Aim of the task – From the material below, copy exactly the lines beginning with the one that contains "Artichoke Green And" and ending with the one that contains "Robe longue rose foncée - Zoé"; the pictures stay out.

Entries provided –
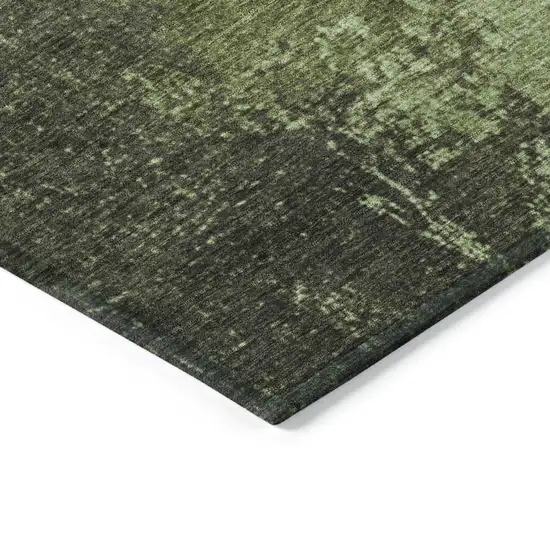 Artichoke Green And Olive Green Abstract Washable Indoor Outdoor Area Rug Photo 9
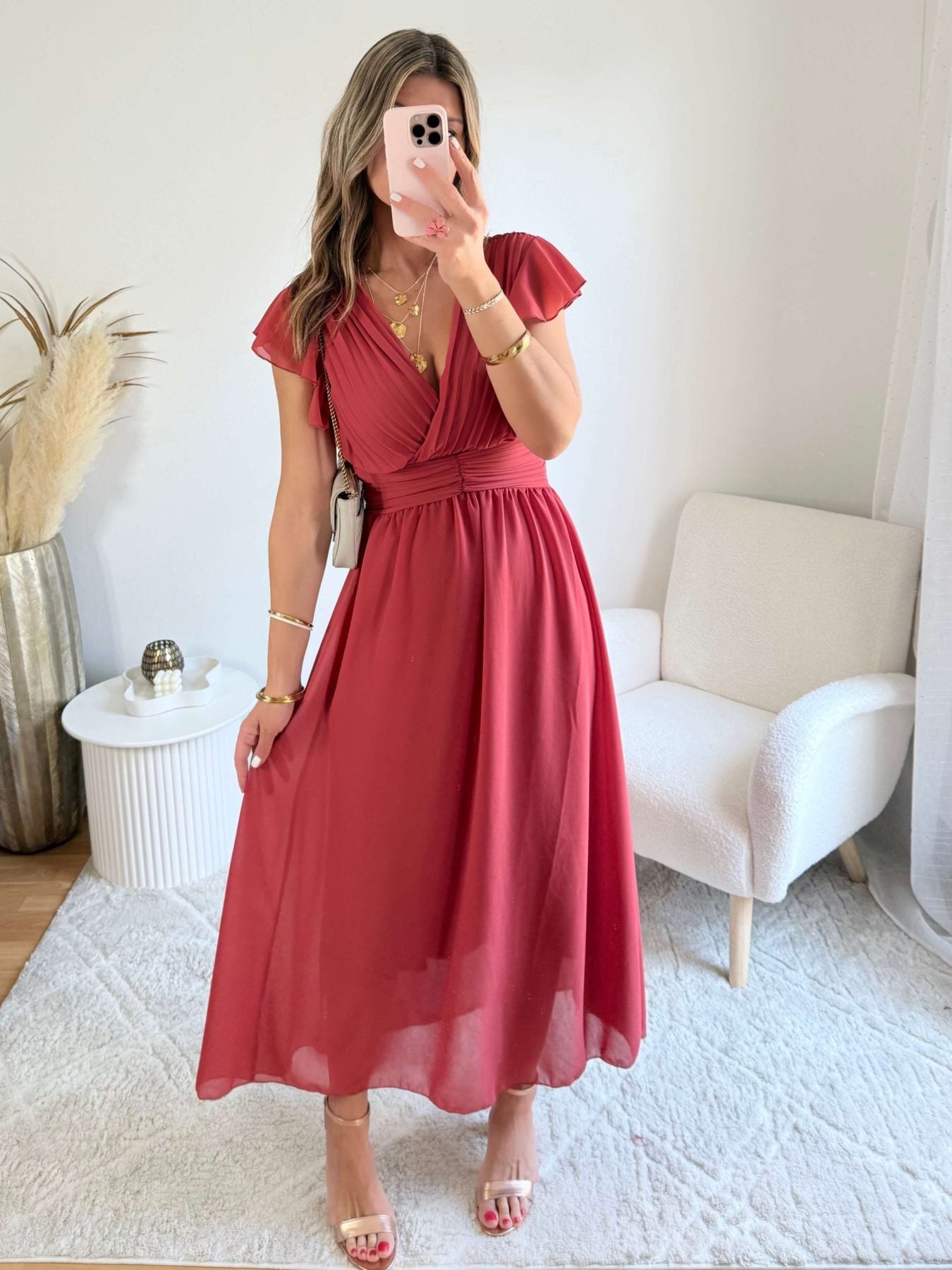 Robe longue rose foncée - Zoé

--

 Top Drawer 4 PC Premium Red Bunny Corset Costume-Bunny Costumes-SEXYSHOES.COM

--

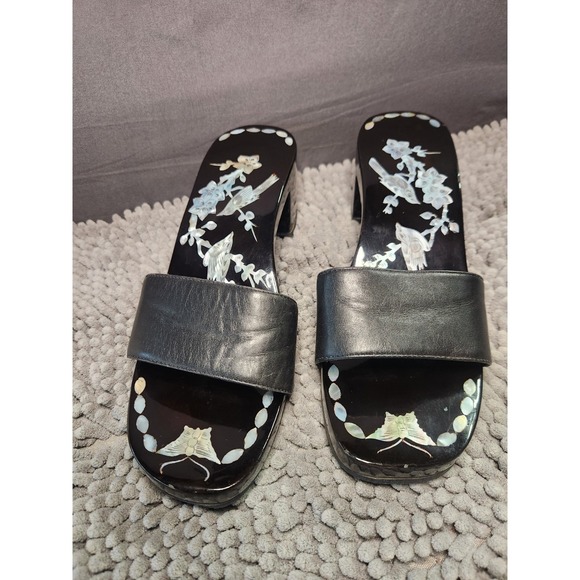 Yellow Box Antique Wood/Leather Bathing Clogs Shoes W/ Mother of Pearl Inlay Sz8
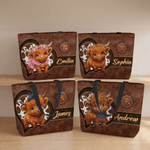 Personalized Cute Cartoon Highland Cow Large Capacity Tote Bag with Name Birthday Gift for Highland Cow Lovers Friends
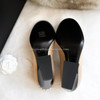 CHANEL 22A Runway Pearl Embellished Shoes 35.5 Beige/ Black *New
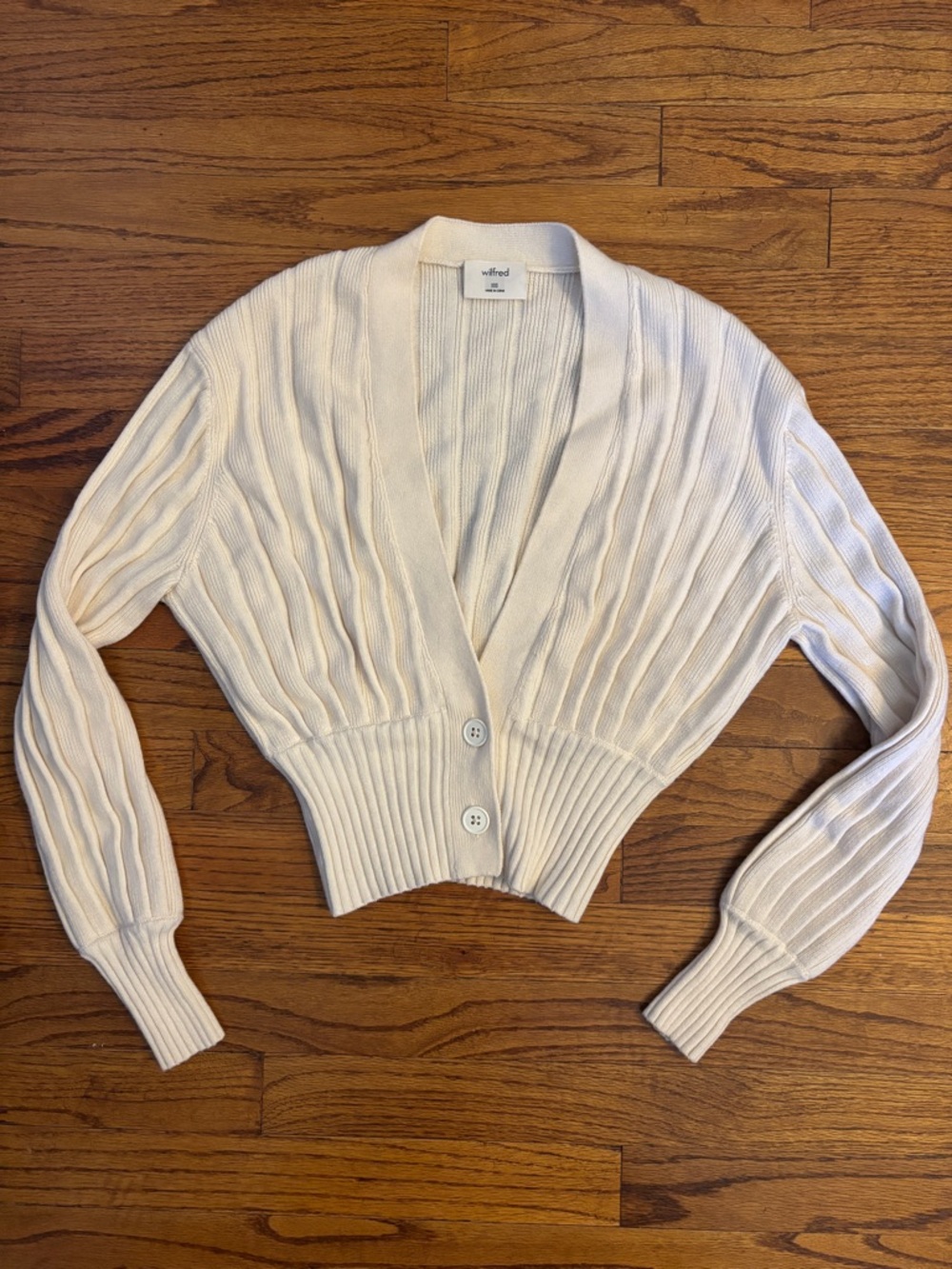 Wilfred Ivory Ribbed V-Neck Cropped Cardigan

Answer area –
 Artichoke Green And Olive Green Abstract Washable Indoor Outdoor Area Rug Photo 9
 Robe longue rose foncée - Zoé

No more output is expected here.